RAW DATA >>
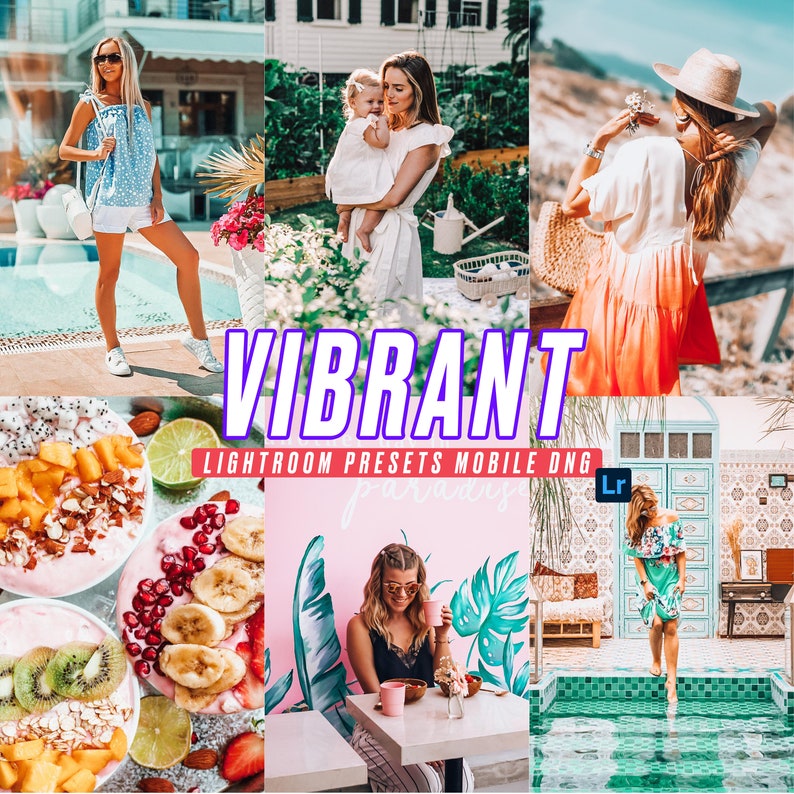 Vibrant and Bold Lightroom presets lightrom mobile vivid | Etsy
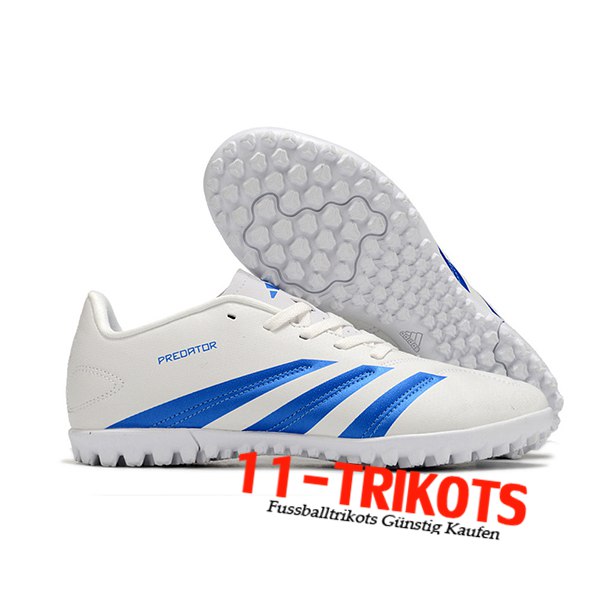 Adidas Fussballschuhe Predator Club TF Weiß/Blau -02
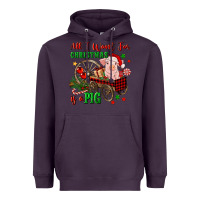 Plum all i want for christmas is a pig Heavyweight Hoodie - FaDigitalArtStudio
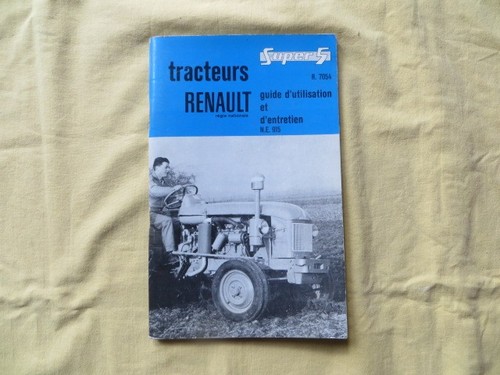 Tracteur renault super - super, 5
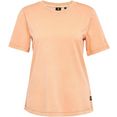 g-star raw t-shirt regular fit thee overdyed met prachtig kleureffect door de overdyed-look oranje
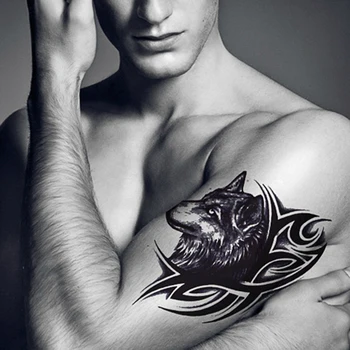 1Pcs Men's Fashion Temporary Tattoo Stickers Waterproof Arm Body Art Decor 
1Pcs Men's Fashion Temporary Tattoo Stickers Waterproof Arm Body Art Decor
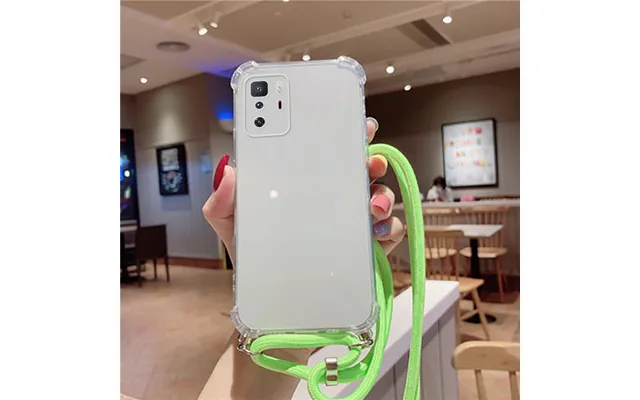 Luxury Cute Lanyard Silicone Phone Case For Xiaomi Redmi Note 10 10s 9 8 Mi 12 11 T Lite Pro Ultra-thin Necklace Rope Co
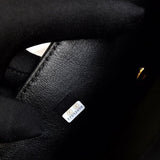Caviar Calfskin 20cm Classic Flap Bag 1116 Black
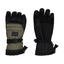 XTM Nash snow gloves in Kalamata, olive and black, showing the back and the grip palm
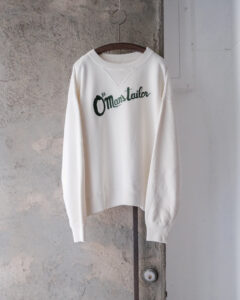 CHAIN-STITCH HERITAGE SWEAT col.Whiteのサムネイル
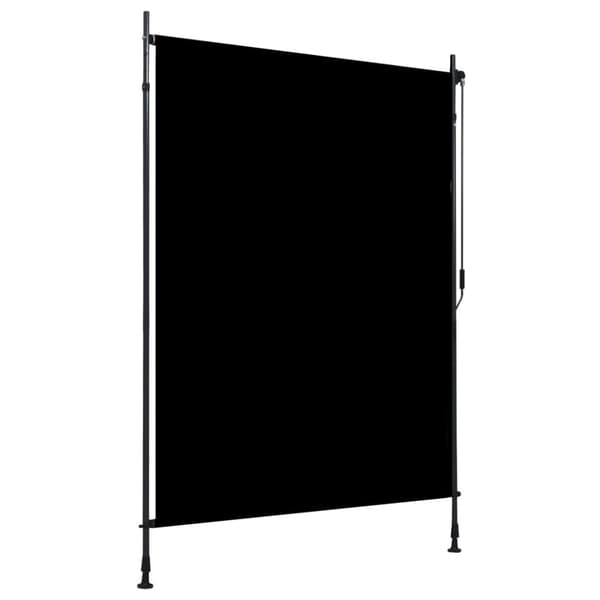 vidaXL udendørs rullegardin 150x270 cm antracitgrå -  Rullegardiner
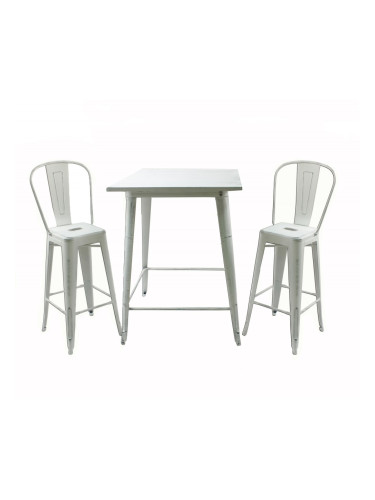 Бар маса Linda-E20, антично бяло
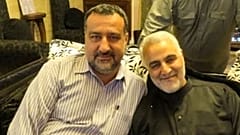 قاسم سلیمانی و سید رضی موسوی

HOW TO COMPLETE THIS TASK >> Only the lines from the line containing "Luxury Cute Lanyard" through the end of the material should be retyped, exactly and in full, with no pictures.

WORKED SOLUTION >>
 Luxury Cute Lanyard Silicone Phone Case For Xiaomi Redmi Note 10 10s 9 8 Mi 12 11 T Lite Pro Ultra-thin Necklace Rope Co
Caviar Calfskin 20cm Classic Flap Bag 1116 Black
 XTM Nash snow gloves in Kalamata, olive and black, showing the back and the grip palm
 CHAIN-STITCH HERITAGE SWEAT col.Whiteのサムネイル
 vidaXL udendørs rullegardin 150x270 cm antracitgrå -  Rullegardiner
 Бар маса Linda-E20, антично бяло
 قاسم سلیمانی و سید رضی موسوی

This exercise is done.